Not in the clamor of the crowded street, not in the shouts and plaudits of the throng, but in ourselves, are triumph and defeat.--Henry Wadsworth Longfellow

REDIRECT ALERT! (Scroll down past this mess if you're trying to read an archived post. Thanks. No, really, thanks.)

Due to my inability to control my temper and complacently accept continued silliness with not-quite-as-reliable-as-it-ought-to-be Blogger/Blogspot, your beloved Possumblog will now waddle across the Information Dirt Road and park its prehensile tail at http://possumblog.mu.nu.

This site will remain in place as a backup in case Munuvia gets hit by a bus or something, but I don't think they have as much trouble with this as some places do. ::cough::blogspot::cough:: So click here and adjust your links. I apologize for the inconvenience, but it's one of those things.

Thursday, May 27, 2004

My sister turned 50 today.

She's another one who doesn't know about this little corner of my life (that I know of) so I suppose I can talk about her with some freedom.

We've been having a running battle for years now as we get older, revolving around the concept of a "go-round." Each go-round is ten years, and we have made a point of teasing one another when the next go-round is reached on our respective decade-birthdays. Since she's eight years older than me, there are always a couple of years in there where I am on the same go-round as her, which gives her infinite pleasure when she brings it up to me.

I merely stick out my tongue and remind her that she is still eight years older.

She called this morning and with some sense of resignation mentioned she was now on her sixth go-round. For some reason, I didn't really feel like teasing her. Our relationship has always been of a rather cantankerous nature--although not diametrically opposed, we do seem to have some notable differences in a remarkable number of areas. And a equally remarkable affinity for silliness and non sequiturs, books, food, and mischief. In any event, making that sixth go-round has taken some of the fun out of the fraternal mockery.

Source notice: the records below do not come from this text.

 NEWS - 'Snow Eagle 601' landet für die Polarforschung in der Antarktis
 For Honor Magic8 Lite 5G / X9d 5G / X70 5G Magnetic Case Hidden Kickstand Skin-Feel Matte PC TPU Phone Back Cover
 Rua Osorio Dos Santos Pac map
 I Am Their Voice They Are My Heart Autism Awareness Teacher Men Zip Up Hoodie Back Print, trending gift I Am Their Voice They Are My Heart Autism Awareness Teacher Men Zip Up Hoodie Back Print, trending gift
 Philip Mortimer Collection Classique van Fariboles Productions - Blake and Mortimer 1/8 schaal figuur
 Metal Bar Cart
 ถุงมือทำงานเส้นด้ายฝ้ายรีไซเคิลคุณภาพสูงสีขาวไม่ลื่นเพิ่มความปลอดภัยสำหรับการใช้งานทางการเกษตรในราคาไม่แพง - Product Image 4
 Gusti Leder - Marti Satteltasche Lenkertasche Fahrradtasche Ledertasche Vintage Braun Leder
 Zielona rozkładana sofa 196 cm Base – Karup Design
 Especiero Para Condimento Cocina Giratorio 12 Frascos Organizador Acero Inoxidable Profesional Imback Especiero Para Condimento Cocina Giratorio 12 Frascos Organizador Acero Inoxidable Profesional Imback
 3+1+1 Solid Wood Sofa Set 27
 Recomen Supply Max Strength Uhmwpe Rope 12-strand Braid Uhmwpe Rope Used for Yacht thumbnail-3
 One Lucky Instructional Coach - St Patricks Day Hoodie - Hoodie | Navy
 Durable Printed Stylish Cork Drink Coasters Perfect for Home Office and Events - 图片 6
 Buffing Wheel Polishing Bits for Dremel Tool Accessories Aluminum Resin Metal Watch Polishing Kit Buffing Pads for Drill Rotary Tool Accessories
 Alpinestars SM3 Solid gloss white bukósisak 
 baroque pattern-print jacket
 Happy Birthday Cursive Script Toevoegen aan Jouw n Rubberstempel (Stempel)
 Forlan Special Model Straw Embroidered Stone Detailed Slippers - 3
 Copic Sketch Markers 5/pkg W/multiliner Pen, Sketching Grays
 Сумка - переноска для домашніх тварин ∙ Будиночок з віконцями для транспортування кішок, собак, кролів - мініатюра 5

It's not that 50 is old, because it's not. And she's not an old person--mentally, socially, physically--anything-lly. It's just that there's some sense now (and I suppose there has been for a few years now) that we have well and truly grown up. The games we play with each other now aren't like when we were younger. The search for advantage has faded; they're no longer for keeps. The contests themself aren't as compelling as rehearsing the memories of contests past.

And it hurts a bit.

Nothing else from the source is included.